SBPD-1 is a PSMA-targeted prodrug that releases MMAE through the action of cathepsin B. (a) Structures of SBPD-1 and SBPD-2. PSMA-targeting moiety (green), linker (black), cathepsin B cleavable linker (Blue), and MMAE (red). (b) Release of MMAE upon treatment of SBPD-1 with recombinant cathepsin B represented by decrease of intact SBPD-1 (upper). Standard curve generated for the quantification of intact SBPD-1 (lower).
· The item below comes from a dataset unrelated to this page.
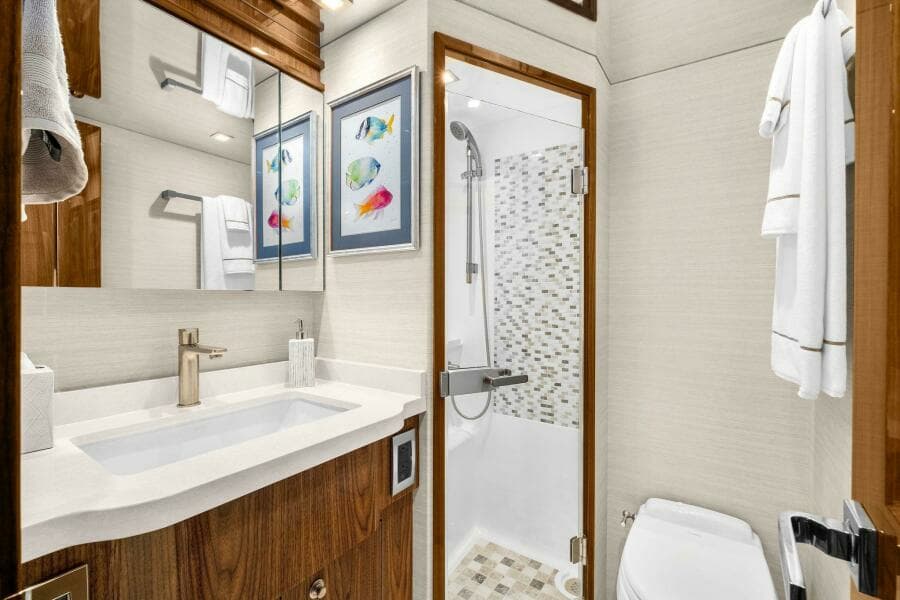 2022 Viking 75 Motor Yacht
Synthesis of SBPD-1 began with known amine 1[33], which on treatment with previously reported Lys-Glu-Urea-DSS[32] in the presence of diisopropylethylamine afforded 2 in 85% yield (Supplementary Fig. S1). Compound 2 was further converted into activated carbonate 3 in 45% yield by treating with bis(4-nitrophenyl) carbonate and subsequent reaction with MMAE, followed by deprotection to realize target conjugate SBPD-1 in 20% combined yield (Supplementary Fig. S1).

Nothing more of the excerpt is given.